(Beginning of GIVEN MATERIAL)

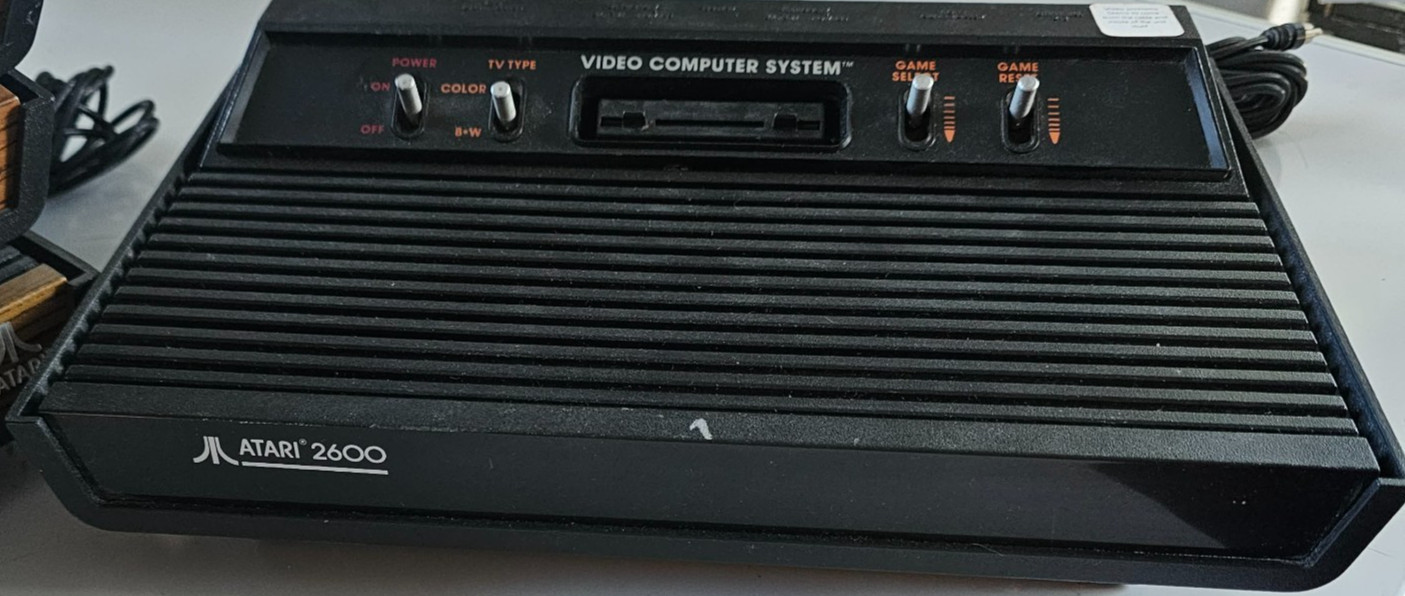 Vintage Atari 2600 Console Only Broken Not Working For Parts Or Repair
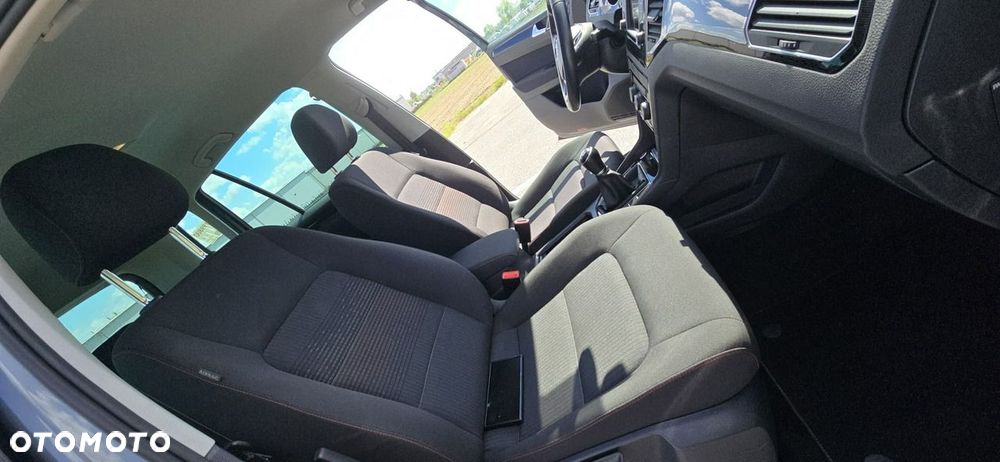 Volkswagen Golf Sportsvan - 16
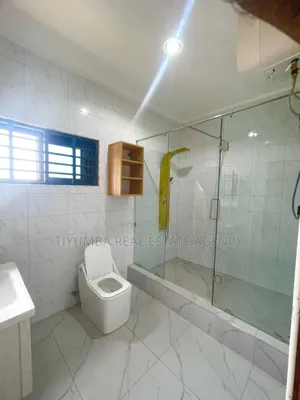 4bdrm House in Tiyumba Real Estate, Ashaley Botwe for sale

(End of GIVEN MATERIAL)

= DESCRIPTION OF THE TASK =
Word for word, restate the lines from the one containing "Volkswagen Golf Sportsvan - 16" through the end of the listing, and nothing more. Skip the pictures.

= YOUR SOLUTION =
 Volkswagen Golf Sportsvan - 16
 4bdrm House in Tiyumba Real Estate, Ashaley Botwe for sale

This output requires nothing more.